Maya Angelou was a famous writer and civil rights activist; as such, her works are driven and passionate, written for a specific purpose. Her poems are often overlooked in favor of her more popular works such as her autobiographies and essays. Despite this lack of attention, Angelou's poems have important messages to convey, and they do so with striking force and clarity.
Angelou was most famously an activist for the rights of those suffering oppression, which she herself did in many forms during her lifetime, being an African-American woman who had been routinely sexually abused. Accordingly, many of her poems speak up for these oppressed people groups, and many do so with great clarity and vigor. Poems such as "On the Pulse of Morning" alert people to the oppression happening in the world, calling them to stop it: "You, created only a little lower than / The angels, have crouched too long in / The bruising darkness / Have lain too long / Facedown in ignorance, / Your mouths spilling words / Armed for slaughter."

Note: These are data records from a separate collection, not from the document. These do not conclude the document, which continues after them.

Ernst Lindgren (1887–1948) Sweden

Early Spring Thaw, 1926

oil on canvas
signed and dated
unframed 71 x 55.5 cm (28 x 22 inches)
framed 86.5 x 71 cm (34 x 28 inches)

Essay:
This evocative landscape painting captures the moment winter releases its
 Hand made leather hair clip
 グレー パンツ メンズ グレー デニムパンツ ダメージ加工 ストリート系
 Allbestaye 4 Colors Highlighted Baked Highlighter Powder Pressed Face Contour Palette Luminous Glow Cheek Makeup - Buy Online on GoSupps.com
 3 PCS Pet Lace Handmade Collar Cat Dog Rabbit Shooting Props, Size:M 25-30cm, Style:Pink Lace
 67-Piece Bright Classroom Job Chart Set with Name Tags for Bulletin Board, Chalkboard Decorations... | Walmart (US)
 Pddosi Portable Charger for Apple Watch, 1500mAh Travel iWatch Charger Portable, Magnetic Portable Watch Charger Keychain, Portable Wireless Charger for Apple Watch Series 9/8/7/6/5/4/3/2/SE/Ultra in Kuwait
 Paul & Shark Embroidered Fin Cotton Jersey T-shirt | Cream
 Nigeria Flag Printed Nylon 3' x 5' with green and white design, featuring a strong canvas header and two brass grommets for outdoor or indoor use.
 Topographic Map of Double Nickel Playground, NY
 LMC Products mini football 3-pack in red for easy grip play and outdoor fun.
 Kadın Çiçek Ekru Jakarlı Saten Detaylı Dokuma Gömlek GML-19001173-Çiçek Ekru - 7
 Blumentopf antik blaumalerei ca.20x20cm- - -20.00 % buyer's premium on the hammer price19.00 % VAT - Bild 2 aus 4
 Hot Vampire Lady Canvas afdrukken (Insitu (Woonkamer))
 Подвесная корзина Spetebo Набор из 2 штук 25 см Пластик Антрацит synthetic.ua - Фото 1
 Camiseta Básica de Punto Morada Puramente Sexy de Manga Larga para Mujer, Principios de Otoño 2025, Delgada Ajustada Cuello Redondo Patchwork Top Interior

Some, like "Harlem Hopscotch" and "Awaking in New York," give a brutally honest picture of the quality of life for African-American people living in the lower-end residences in the city. Others, such as "Phenomenal Woman," celebrate the power of womanhood in the face of gender discrimination. "Caged Bird" is a stunning description of a life lived under oppressive constraints, and "Still I Rise" is a powerful declaration of strength and perseverance, a call for those who are oppressed to rise up and a proclamation of the inevitability of a brighter tomorrow.
Angelou's poems may be under-appreciated, but they are certainly not without their merits, and they can be powerful tools for change in a world of injustice.